The publication of expansion sets was then split between the Europe & Australasian markets and the North American market. Released shortly in the same years was Return of the Witch Lordwhich extended the undead with more skeletons, mummies and zombies. Kellar's Keep added new quests, new items and artifacts and a further batch of monster figures (more Orcs, Goblins and Fimir). Many expansions for the game were published, starting with Kellar's Keep, released in Europe and Australasia in 1989, and The United States & Canada in 1991. The protagonists were 4 heroes ('Barbarian', 'Dwarf', 'Elf' and 'Wizard') who faced a selection of monsters: Orcs, Goblins, Fimir, Chaos Warriors, a Chaos Warlock/witch Lord (which represented many of the named characters for the various quests), a Gargoyle and a number of Undead: skeletons, zombies and mummies. The game consisted of a board and a number of individual miniatures and items.

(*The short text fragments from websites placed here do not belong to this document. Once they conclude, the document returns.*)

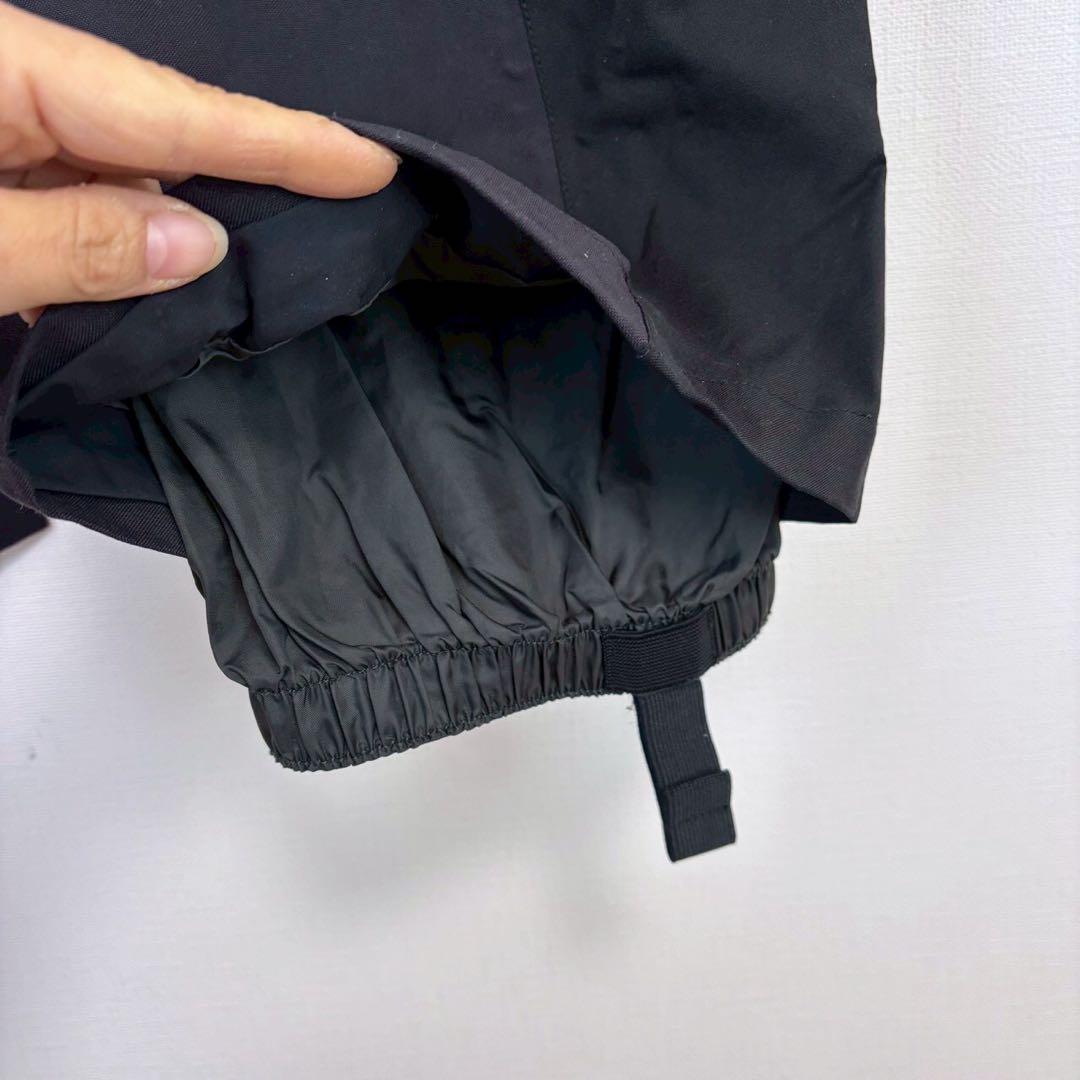 ◆モンベル【XL】アルパインパンツ スキーウェア 大きいサイズウィンドブレーカー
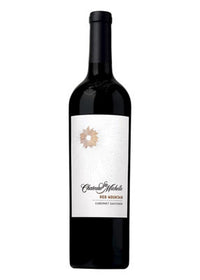 Chateau Ste. Michelle Cabernet Sauvignon Red Mountain 2017 750ML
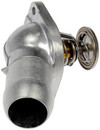 Dorman - OE Solutions Engine Coolant Thermostat Housing Assembly 902-2836 - view 5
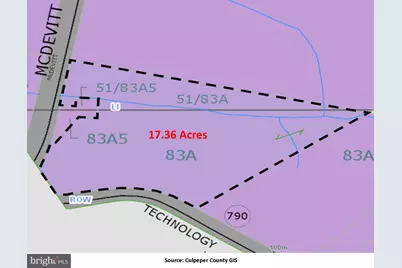 0 Technology, Culpeper, VA 22701 - Photo 1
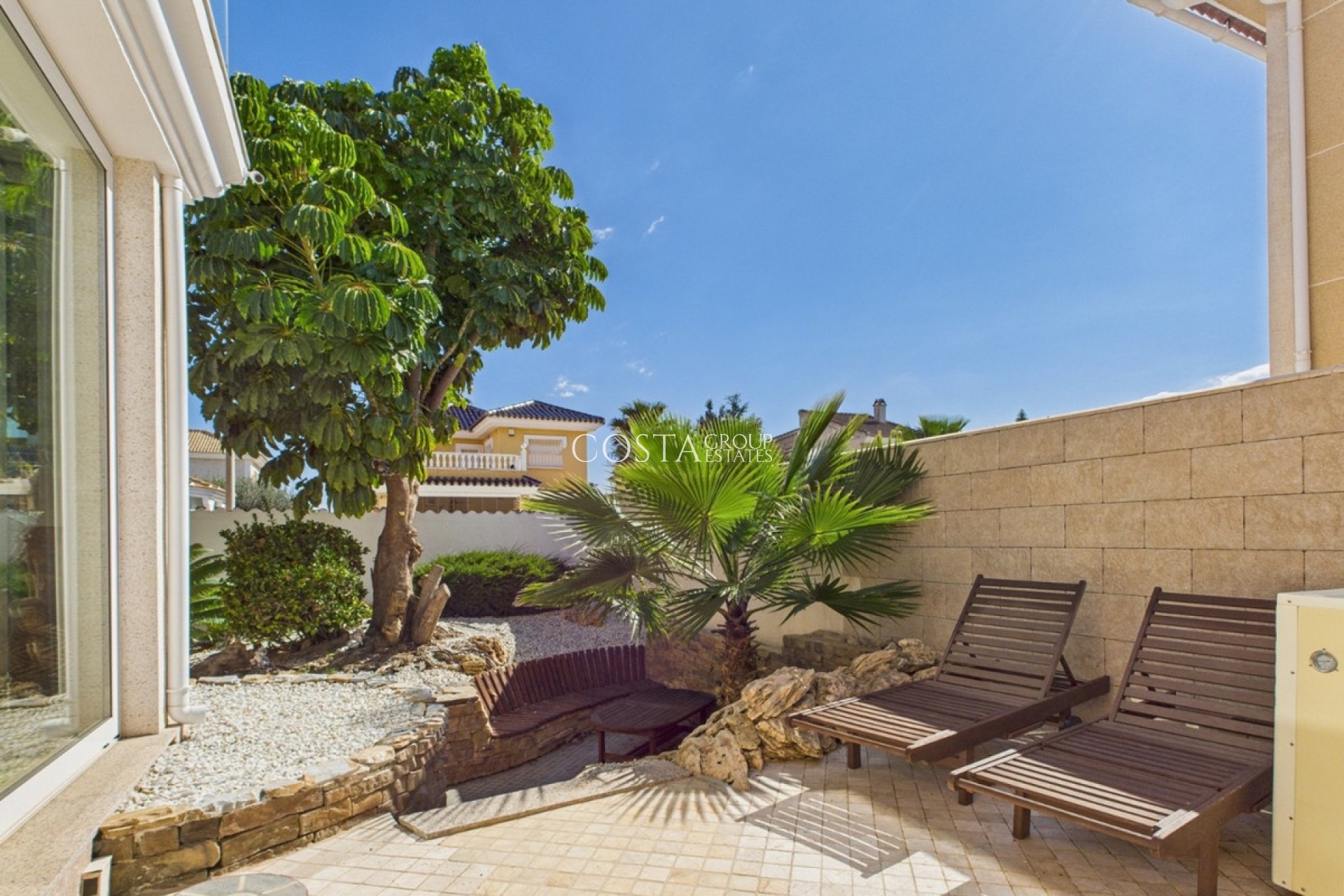 Wiederverkauf - Villa -
Los Alcazares - Los Alcazares Centro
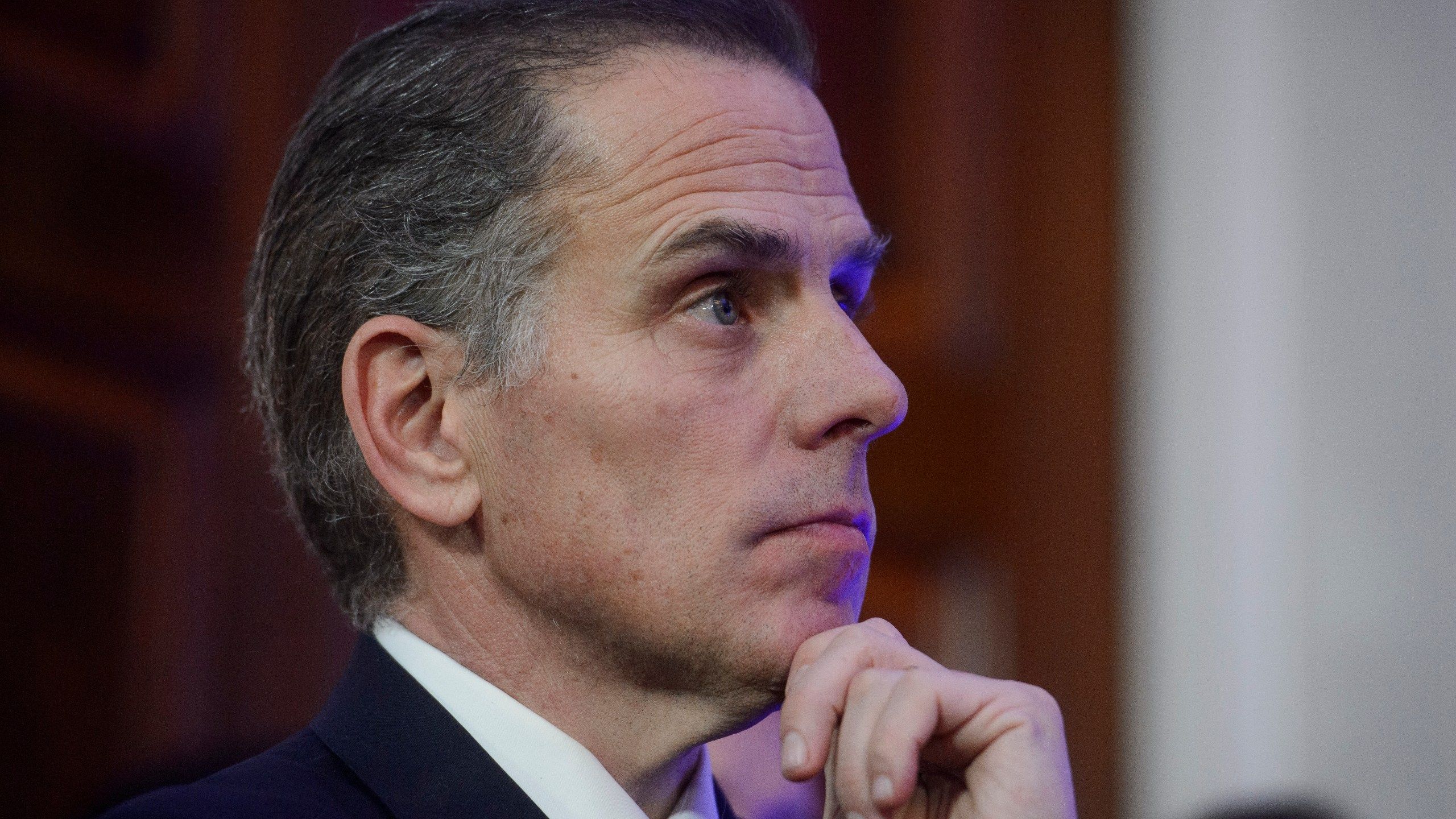 2560x1440 Prosecutor who investigated Hunter Biden defends probes, denounces president's remarks in new report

In 1992, HeroQuest won the Origins Award for 'Best Graphic Presentation of a Boardgame of 1991'. It was released in America and Canada in 1990 in a slightly different version. The game was released in Britain, Europe and Australia around 1989. HeroQuest was created by Stephen Baker, who worked for the UK division of Milton Bradley (MB). Games Workshop worked with Milton Bradley to produce HeroQuest (1989), an adventure game where the players cooperated against a single adversarial Games Master. Several expansions were released, each adding new tiles, artifacts and monsters to the core system.
Trap quest wiki manual#
The game manual describes Zargon as a former apprentice of Mentor, and the parchment text is read aloud from Mentor's perspective. The game was loosely based around archetypes of fantasyrole-playing games: the game itself was actually a game system, allowing the gamemaster (called 'Zargon' in the United States and Canada) to create dungeons of their own design using the provided game board, tiles, furnishings and figures.

HeroQuest, sometimes written as Hero Quest, is an adventure board game created by Milton Bradley in conjunction with the British company Games Workshop.